Which brings me, on this particular day, to the aftermaths of 9/11. And, in line with that, the vexed question of the Islamic memorial site and the responsibilities of immigrant citizens in general.

Apparently she's confusing a community centre with a memorial site. It's going to be a Muslim-friendly version of the Y, for crying out loud! Oh noes, how dare we give those Muslims a place to hang out, congregate with people who share their interests, participate in community efforts, and incidentally enjoy a place to pray as they please! Why, that's just unAmerican!

Yeah. The sarcasm tastes bitter on my tongue.

We have always had trouble with immigrants (the native peoples had the most troubles with immigrants!) Every new group that landed on the shore was greeted with distrust (and often responded badly) until it showed that it was willing and able to contribute something those already here wanted.

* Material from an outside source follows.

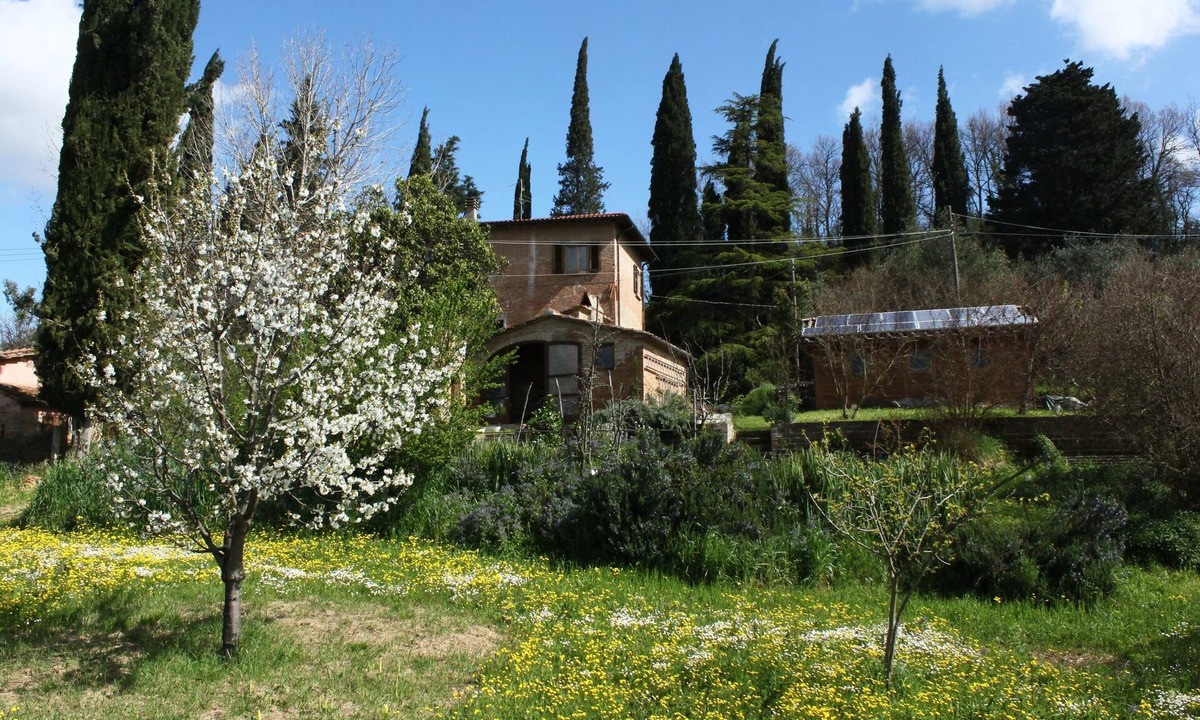 Capannoli Bed & Breakfast | 1 Bedroom Bed & breakfast in San Pietro Belvedere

Yup, 'cause all European immigrants totally ended up giving in to the demands of the people whose land they were taking. She makes another appeal to sympathy here ("See, I acknowledge the plight of those who have non-white skin.") But then she pretty much blows that out of the water by making the second statement. It's pretty much true, I'll grant you, but it seems to me a bit off that a person wants to appeal to those who came before her and then demands her rights as white overlord and ruling class of America. Can't have it both ways. Either the Muslims are doing it as wrong as all the white folk who came and settled on already settled land, or the previous inhabitants of a land don't mean a damn thing in the grand scheme of things.

I can imagine the offense that a lot of Native Americans might feel at her comparison to their situation through American history.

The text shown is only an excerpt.